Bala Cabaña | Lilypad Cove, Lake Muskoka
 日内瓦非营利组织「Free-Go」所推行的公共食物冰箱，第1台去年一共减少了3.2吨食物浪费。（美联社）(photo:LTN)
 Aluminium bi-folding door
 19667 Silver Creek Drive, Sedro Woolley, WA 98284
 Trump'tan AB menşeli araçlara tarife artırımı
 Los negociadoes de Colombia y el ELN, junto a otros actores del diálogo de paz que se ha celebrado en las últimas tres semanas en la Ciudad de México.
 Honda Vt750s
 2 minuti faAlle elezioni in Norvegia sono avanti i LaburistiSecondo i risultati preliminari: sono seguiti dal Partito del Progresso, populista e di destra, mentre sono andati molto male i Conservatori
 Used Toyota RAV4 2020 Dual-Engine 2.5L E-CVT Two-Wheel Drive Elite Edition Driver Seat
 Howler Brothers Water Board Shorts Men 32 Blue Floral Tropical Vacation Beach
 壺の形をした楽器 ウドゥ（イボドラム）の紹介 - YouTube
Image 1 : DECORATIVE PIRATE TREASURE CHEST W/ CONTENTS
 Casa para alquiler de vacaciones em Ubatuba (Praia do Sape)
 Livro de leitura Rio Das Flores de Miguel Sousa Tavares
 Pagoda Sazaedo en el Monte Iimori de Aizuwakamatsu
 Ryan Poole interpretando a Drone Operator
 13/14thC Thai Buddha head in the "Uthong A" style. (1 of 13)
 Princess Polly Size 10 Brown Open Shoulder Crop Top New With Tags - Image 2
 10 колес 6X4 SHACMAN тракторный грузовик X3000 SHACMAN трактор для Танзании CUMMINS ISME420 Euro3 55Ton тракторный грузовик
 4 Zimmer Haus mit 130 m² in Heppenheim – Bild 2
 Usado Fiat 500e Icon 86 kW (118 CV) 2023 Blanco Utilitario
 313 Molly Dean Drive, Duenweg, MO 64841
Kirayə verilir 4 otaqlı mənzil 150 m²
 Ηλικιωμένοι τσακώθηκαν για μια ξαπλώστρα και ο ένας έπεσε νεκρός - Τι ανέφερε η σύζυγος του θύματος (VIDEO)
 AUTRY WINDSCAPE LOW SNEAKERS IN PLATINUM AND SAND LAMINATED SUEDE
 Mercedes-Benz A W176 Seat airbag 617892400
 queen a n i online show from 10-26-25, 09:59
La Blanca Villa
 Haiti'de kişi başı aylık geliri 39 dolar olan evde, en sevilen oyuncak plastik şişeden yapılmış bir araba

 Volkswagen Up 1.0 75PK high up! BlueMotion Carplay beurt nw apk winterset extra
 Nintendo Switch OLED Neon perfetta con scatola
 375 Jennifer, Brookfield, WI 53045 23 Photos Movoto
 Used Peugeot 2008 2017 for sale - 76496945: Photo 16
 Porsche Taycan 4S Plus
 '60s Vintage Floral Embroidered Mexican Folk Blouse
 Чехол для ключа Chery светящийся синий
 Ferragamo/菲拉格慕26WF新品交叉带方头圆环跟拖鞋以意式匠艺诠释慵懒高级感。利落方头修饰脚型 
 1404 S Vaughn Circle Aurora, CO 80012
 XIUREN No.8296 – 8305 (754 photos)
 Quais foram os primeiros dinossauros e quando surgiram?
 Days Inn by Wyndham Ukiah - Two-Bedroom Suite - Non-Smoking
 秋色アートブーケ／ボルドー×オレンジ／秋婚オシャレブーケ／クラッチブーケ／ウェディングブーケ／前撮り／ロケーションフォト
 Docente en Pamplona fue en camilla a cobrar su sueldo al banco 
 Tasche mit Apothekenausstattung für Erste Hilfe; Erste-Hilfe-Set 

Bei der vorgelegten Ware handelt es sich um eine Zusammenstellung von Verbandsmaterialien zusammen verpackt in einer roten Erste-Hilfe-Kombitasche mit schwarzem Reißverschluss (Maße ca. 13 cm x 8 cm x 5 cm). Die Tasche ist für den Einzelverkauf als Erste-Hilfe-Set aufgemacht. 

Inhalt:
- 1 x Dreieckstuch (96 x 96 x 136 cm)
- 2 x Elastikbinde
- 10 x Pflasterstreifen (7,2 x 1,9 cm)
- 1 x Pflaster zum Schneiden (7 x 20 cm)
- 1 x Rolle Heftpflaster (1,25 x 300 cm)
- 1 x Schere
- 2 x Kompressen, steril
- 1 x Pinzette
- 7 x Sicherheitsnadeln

+ + +

▶ Task brief
Of the lines above, output exactly those from the line bearing "Ryan Poole interpretando a Drone Operator" through the line bearing "313 Molly Dean Drive, Duenweg, MO 64841", inclusive.

▶ Output below
 Ryan Poole interpretando a Drone Operator
 13/14thC Thai Buddha head in the "Uthong A" style. (1 of 13)
 Princess Polly Size 10 Brown Open Shoulder Crop Top New With Tags - Image 2
 10 колес 6X4 SHACMAN тракторный грузовик X3000 SHACMAN трактор для Танзании CUMMINS ISME420 Euro3 55Ton тракторный грузовик
 4 Zimmer Haus mit 130 m² in Heppenheim – Bild 2
 Usado Fiat 500e Icon 86 kW (118 CV) 2023 Blanco Utilitario
 313 Molly Dean Drive, Duenweg, MO 64841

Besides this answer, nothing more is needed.